[Opening Provided material section]
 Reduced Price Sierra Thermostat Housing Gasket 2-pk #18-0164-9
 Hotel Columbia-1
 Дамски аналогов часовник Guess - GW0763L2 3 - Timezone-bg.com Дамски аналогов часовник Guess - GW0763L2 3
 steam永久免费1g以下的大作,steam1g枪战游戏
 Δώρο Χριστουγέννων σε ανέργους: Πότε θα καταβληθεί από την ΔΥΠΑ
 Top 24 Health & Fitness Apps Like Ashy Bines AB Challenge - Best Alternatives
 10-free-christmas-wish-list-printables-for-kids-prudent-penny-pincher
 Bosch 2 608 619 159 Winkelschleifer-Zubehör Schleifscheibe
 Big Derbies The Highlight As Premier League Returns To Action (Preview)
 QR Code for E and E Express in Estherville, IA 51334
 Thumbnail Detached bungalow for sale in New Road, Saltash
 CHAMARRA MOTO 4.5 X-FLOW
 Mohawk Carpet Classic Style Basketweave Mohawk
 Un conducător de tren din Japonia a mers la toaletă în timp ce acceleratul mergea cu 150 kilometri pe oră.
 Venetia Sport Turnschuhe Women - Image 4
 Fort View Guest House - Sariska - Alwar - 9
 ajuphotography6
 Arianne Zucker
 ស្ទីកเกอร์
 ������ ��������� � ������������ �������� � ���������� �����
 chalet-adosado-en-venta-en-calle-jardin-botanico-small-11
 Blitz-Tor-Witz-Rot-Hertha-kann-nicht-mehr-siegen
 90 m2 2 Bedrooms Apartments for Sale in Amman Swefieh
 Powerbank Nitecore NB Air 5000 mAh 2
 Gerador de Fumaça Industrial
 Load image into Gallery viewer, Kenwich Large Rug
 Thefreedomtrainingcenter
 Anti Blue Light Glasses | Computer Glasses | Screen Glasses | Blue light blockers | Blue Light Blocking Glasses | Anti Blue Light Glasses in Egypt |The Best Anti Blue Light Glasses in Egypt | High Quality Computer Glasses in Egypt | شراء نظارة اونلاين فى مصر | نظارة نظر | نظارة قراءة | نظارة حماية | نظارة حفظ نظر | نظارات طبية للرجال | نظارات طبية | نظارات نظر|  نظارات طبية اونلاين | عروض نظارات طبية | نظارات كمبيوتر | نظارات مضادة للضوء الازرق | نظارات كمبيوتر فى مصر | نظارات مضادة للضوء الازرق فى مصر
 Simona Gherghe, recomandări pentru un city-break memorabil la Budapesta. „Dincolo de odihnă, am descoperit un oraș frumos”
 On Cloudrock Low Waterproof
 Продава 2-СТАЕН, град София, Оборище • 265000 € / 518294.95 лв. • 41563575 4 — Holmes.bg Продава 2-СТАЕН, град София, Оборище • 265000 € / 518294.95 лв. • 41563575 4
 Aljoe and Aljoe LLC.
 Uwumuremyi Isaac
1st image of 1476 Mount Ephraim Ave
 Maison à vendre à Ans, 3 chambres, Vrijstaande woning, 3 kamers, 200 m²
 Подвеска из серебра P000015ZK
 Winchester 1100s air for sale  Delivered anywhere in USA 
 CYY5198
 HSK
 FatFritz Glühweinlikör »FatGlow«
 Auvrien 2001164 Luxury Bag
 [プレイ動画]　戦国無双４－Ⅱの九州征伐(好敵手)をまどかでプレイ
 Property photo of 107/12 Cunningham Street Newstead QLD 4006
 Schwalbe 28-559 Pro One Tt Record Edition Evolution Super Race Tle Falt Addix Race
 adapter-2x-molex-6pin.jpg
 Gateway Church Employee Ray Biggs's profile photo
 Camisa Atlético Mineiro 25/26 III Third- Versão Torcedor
[Closing Provided material section]
### Your assignment:
If a line in the records contains the string "Best", copy it out.

### Result for this task:
 Top 24 Health & Fitness Apps Like Ashy Bines AB Challenge - Best Alternatives
 Anti Blue Light Glasses | Computer Glasses | Screen Glasses | Blue light blockers | Blue Light Blocking Glasses | Anti Blue Light Glasses in Egypt |The Best Anti Blue Light Glasses in Egypt | High Quality Computer Glasses in Egypt | شراء نظارة اونلاين فى مصر | نظارة نظر | نظارة قراءة | نظارة حماية | نظارة حفظ نظر | نظارات طبية للرجال | نظارات طبية | نظارات نظر|  نظارات طبية اونلاين | عروض نظارات طبية | نظارات كمبيوتر | نظارات مضادة للضوء الازرق | نظارات كمبيوتر فى مصر | نظارات مضادة للضوء الازرق فى مصر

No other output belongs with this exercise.